Task description: Repeat the lines below exactly as they appear, but leave out the images.

Working data:
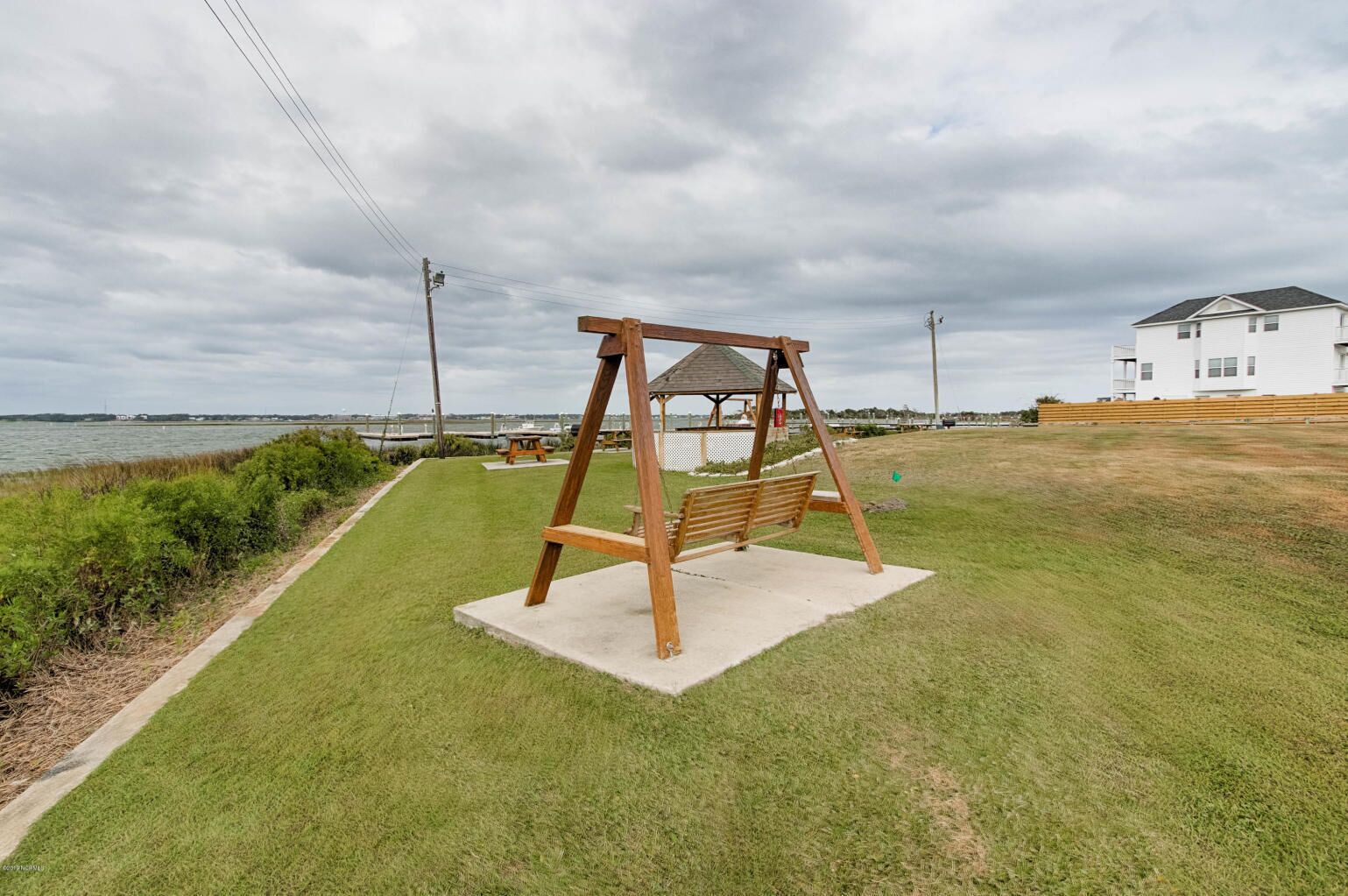 A swing set in a grassy area with a view of the water and a white building in the background.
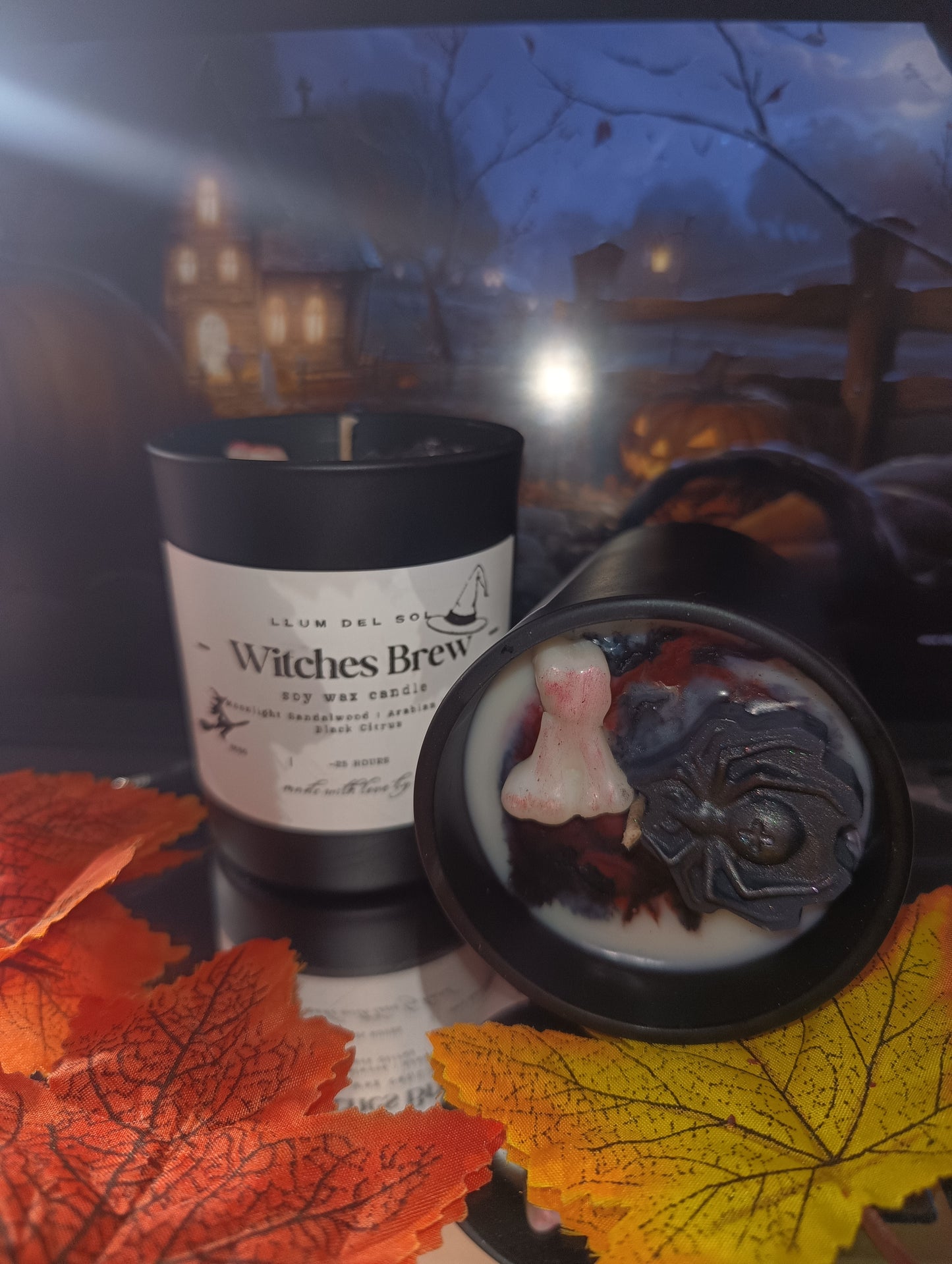 Witches Brew candle with decorative elements on a reflective surface with autumn leaves.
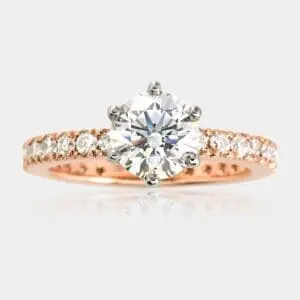 Diamond engagement ring, with white gold six-claw setting and 18ct rose gold band, fully set with round brilliant cut diamonds all the way around.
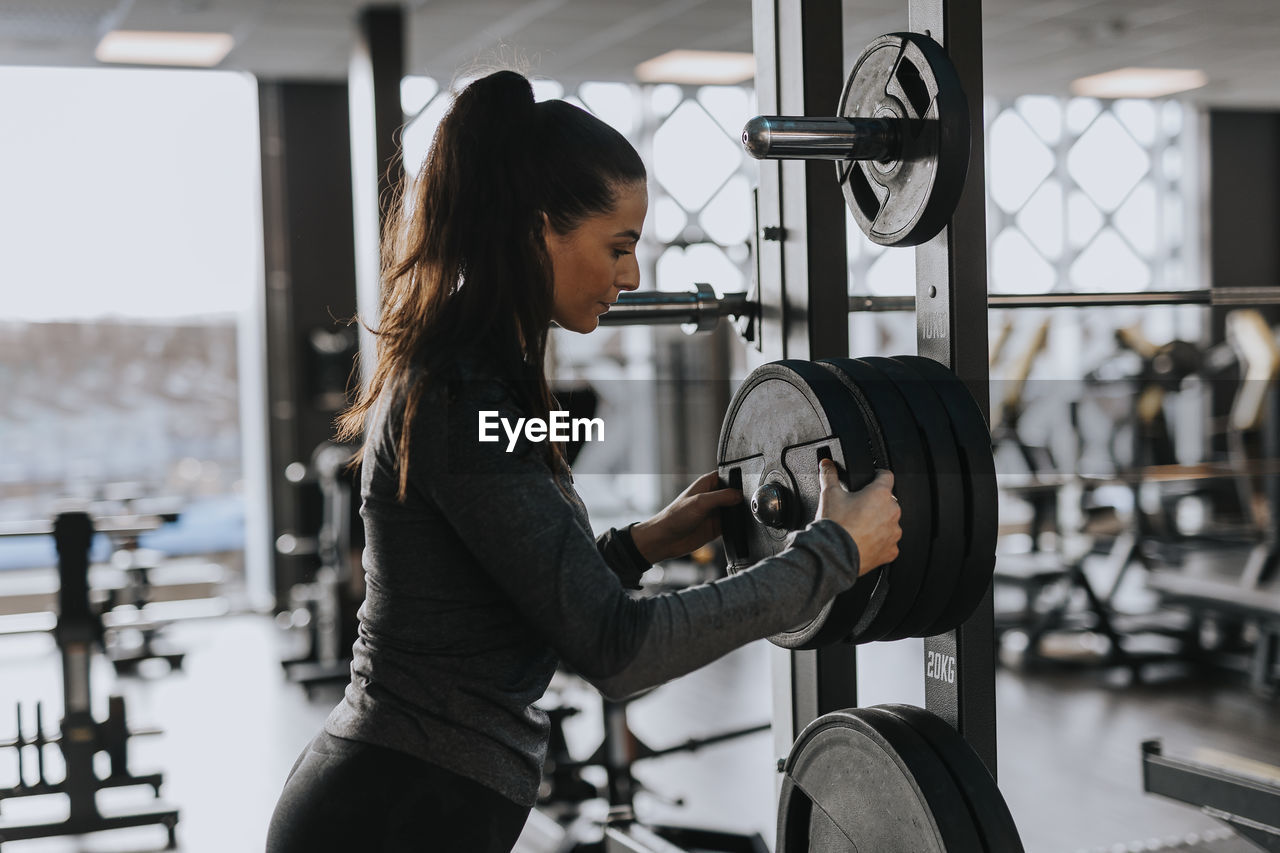 Woman exercising in gym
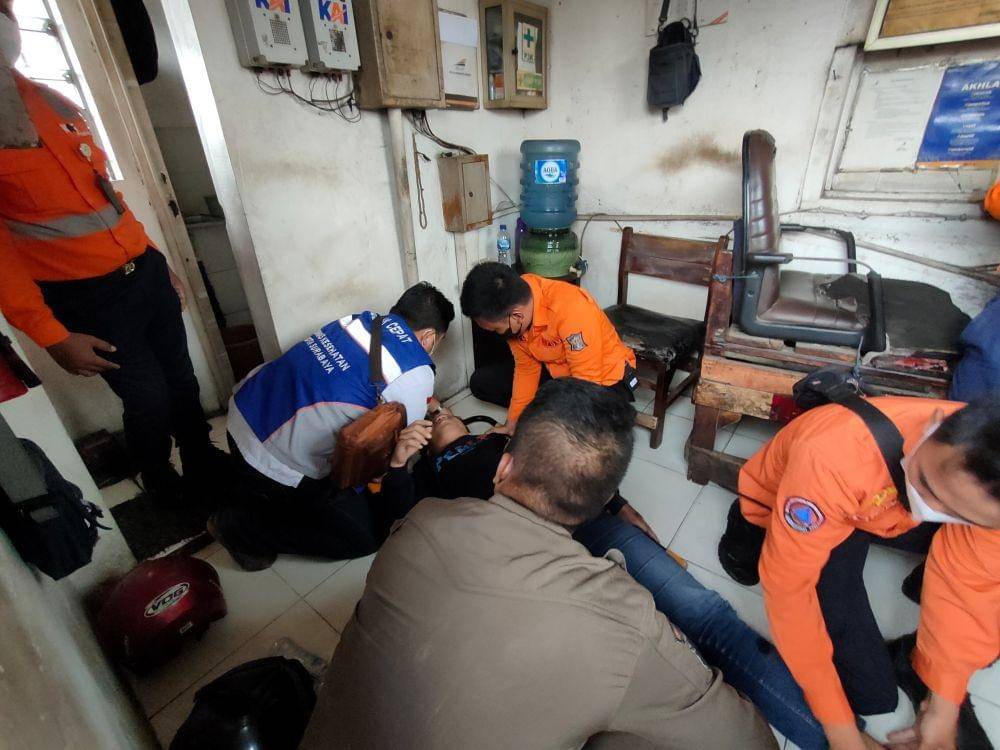 Patugas saat mengevakuasi pria selamat usai tertabrak kereta api, Selasa (16/8/2022). (Dok. Command Center Surabaya)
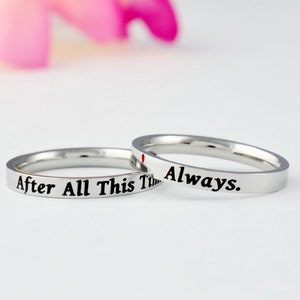 May include: Two silver rings with the inscription "After All This Time" and "Always." on them.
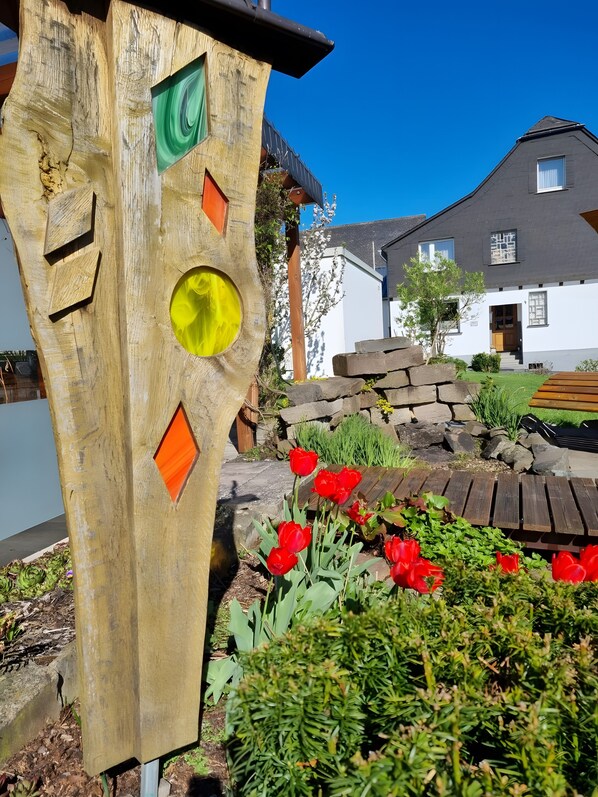 A wooden sculpture with geometric shapes, a garden with red flowers, and a white building with a dark roof in the background.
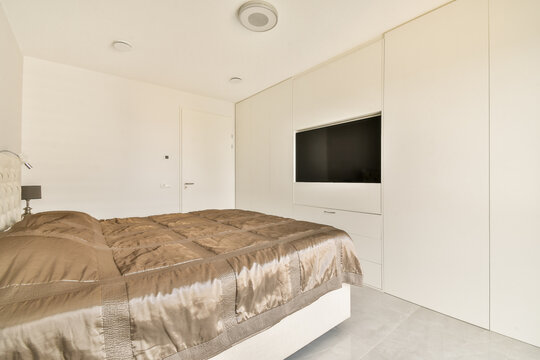 Modern bedroom with cozy brown bedding and built-in TV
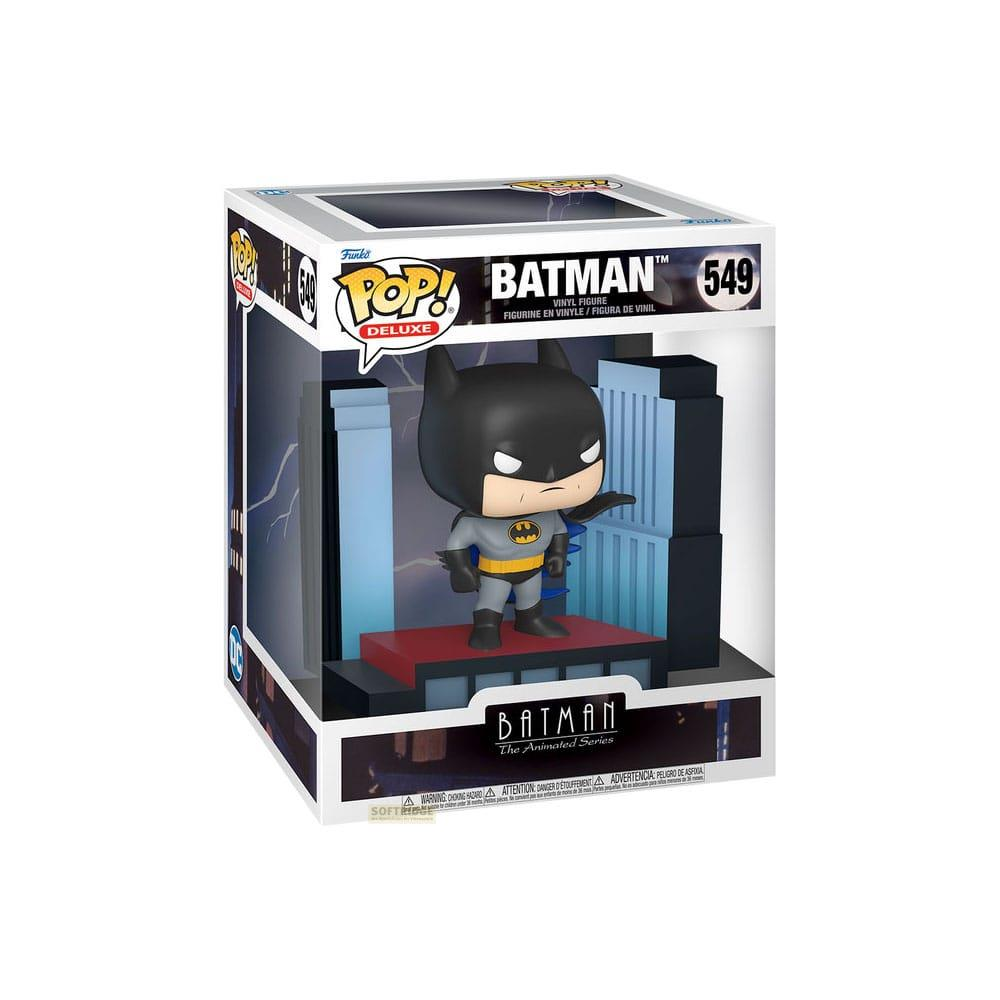 Figura de Batman en caja, traje gris, cinturón amarillo, telón de fondo azul.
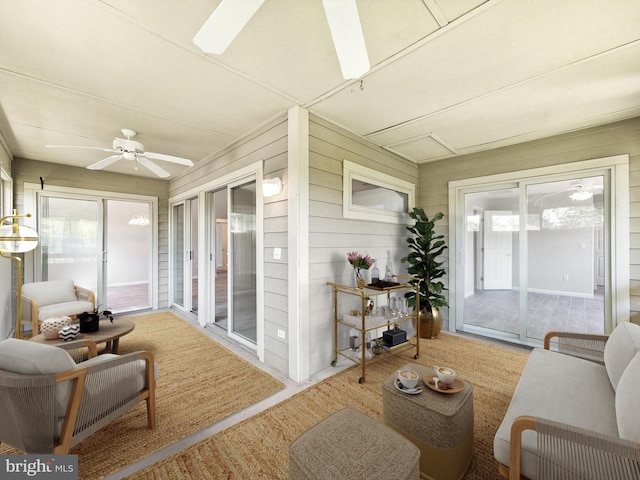 sunroom / solarium featuring ceiling fan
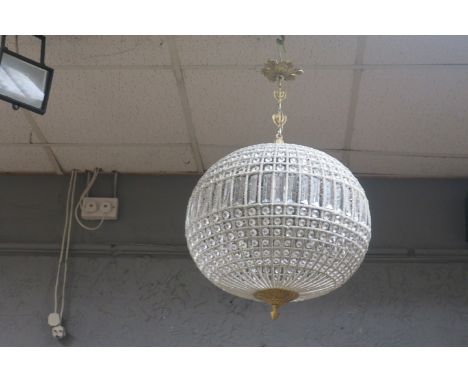 AN ART DECO STYLE CUT GLASS AND BRASS FRAMED PENDANT LIGHT, the open beadwork circular shade filled with cut glass pendants.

Written answer:
 A swing set in a grassy area with a view of the water and a white building in the background.
 Witches Brew candle with decorative elements on a reflective surface with autumn leaves.
 Diamond engagement ring, with white gold six-claw setting and 18ct rose gold band, fully set with round brilliant cut diamonds all the way around.
 Woman exercising in gym
 Patugas saat mengevakuasi pria selamat usai tertabrak kereta api, Selasa (16/8/2022). (Dok. Command Center Surabaya)
 May include: Two silver rings with the inscription "After All This Time" and "Always." on them.
 A wooden sculpture with geometric shapes, a garden with red flowers, and a white building with a dark roof in the background.
 Modern bedroom with cozy brown bedding and built-in TV
 Figura de Batman en caja, traje gris, cinturón amarillo, telón de fondo azul.
 sunroom / solarium featuring ceiling fan
 AN ART DECO STYLE CUT GLASS AND BRASS FRAMED PENDANT LIGHT, the open beadwork circular shade filled with cut glass pendants.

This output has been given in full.